The package provides three main dataset types:

matrix_dataset: For data already loaded as R matrices
fmri_mem_dataset: For pre-loaded NeuroVec objects
fmri_file_dataset: For NIfTI files (lazy loading)
latent_dataset: For dimension-reduced data (requires fmristore package)

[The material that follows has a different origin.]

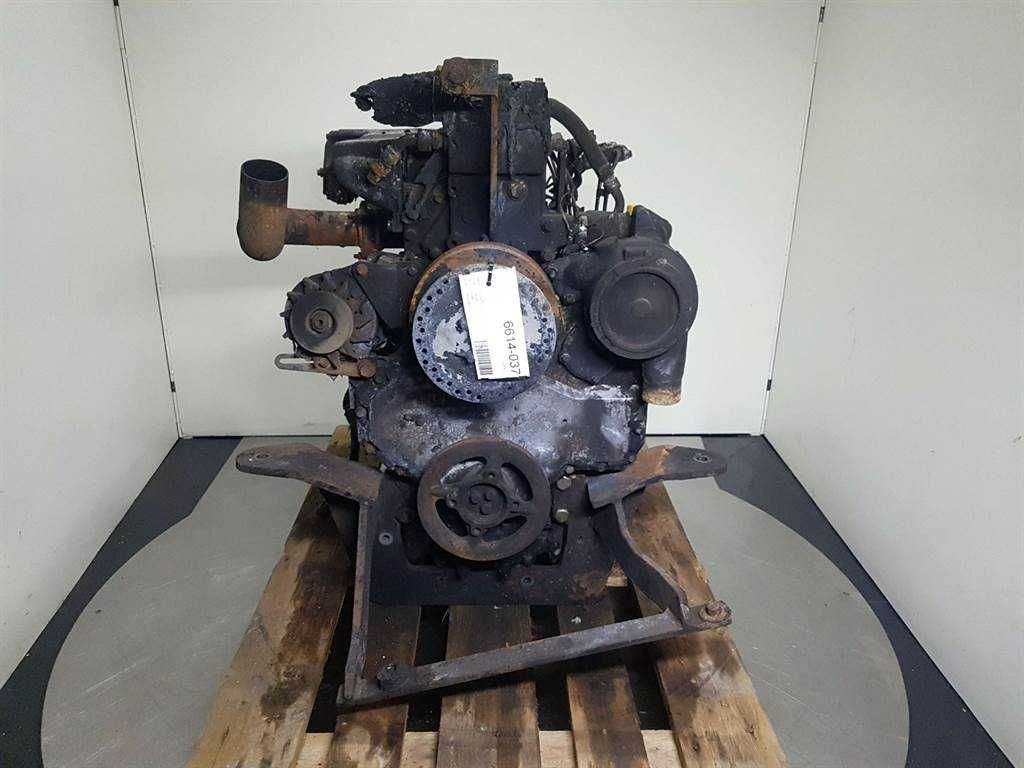 Motor complet Perkins 1004-4 - Piese de motor Perkins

Creating fMRI Dataset Objects

Matrix Dataset

The simplest way to create an fmri_dataset is from a matrix:

library(fmridataset)

# Create synthetic fMRI data
set.seed(123)
n_timepoints <- 200
n_voxels <- 1000
fmri_matrix <- matrix(rnorm(n_timepoints * n_voxels),
  nrow = n_timepoints,
  ncol = n_voxels
)

# Create dataset with temporal structure
dataset <- matrix_dataset(
  datamat = fmri_matrix,
  TR = 2.0, # 2-second repetition time
  run_length = c(100, 100) # Two runs of 100 timepoints each
)

print(dataset)

From NIfTI Files

For real fMRI data stored as NIfTI files:

# Paths to your NIfTI files (one per run)
file_paths <- c(
  "/path/to/run1.nii.gz",
  "/path/to/run2.nii.gz"
)

# Path to brain mask
mask_path <- "/path/to/mask.nii.gz"

# Create dataset from files
dataset <- fmri_dataset(
  scans = file_paths,
  mask = mask_path,
  TR = 2.5,
  run_length = c(180, 180) # 180 timepoints per run
)

# Data is loaded only when accessed
print(dataset)

From NeuroVec Objects

If you have pre-loaded NeuroVec objects:

# Create example NeuroVec objects
d <- c(10, 10, 10, 100) # 10x10x10 voxels, 100 timepoints
nvec1 <- neuroim2::NeuroVec(array(rnorm(prod(d)), d),
  space = neuroim2::NeuroSpace(d)
)
nvec2 <- neuroim2::NeuroVec(array(rnorm(prod(d)), d),
  space = neuroim2::NeuroSpace(d)
)

# Create a mask
mask_dim <- d[1:3]
mask <- neuroim2::NeuroVol(array(1, mask_dim),
  space = neuroim2::NeuroSpace(mask_dim)
)

# Create dataset from NeuroVec objects
dataset <- fmri_mem_dataset(
  scans = list(nvec1, nvec2),
  mask = mask,
  TR = 2.0,
  run_length = c(100, 100)
)

print(dataset)

With Event Tables

Add experimental design information:

# Create event table
events <- data.frame(
  onset = c(10, 30, 50, 70, 110, 130, 150, 170),
  duration = c(2, 2, 2, 2, 2, 2, 2, 2),
  trial_type = rep(c("stimulus_A", "stimulus_B"), 4),
  run = c(1, 1, 1, 1, 2, 2, 2, 2)
)

# Create dataset with events
dataset <- matrix_dataset(
  datamat = fmri_matrix,
  TR = 2.0,
  run_length = c(100, 100),
  event_table = events
)

print(dataset)

Accessing Data and Metadata

Basic Data Access

# Get the complete data matrix
data_matrix <- get_data_matrix(dataset)
cat("Data dimensions:", dim(data_matrix), "\n")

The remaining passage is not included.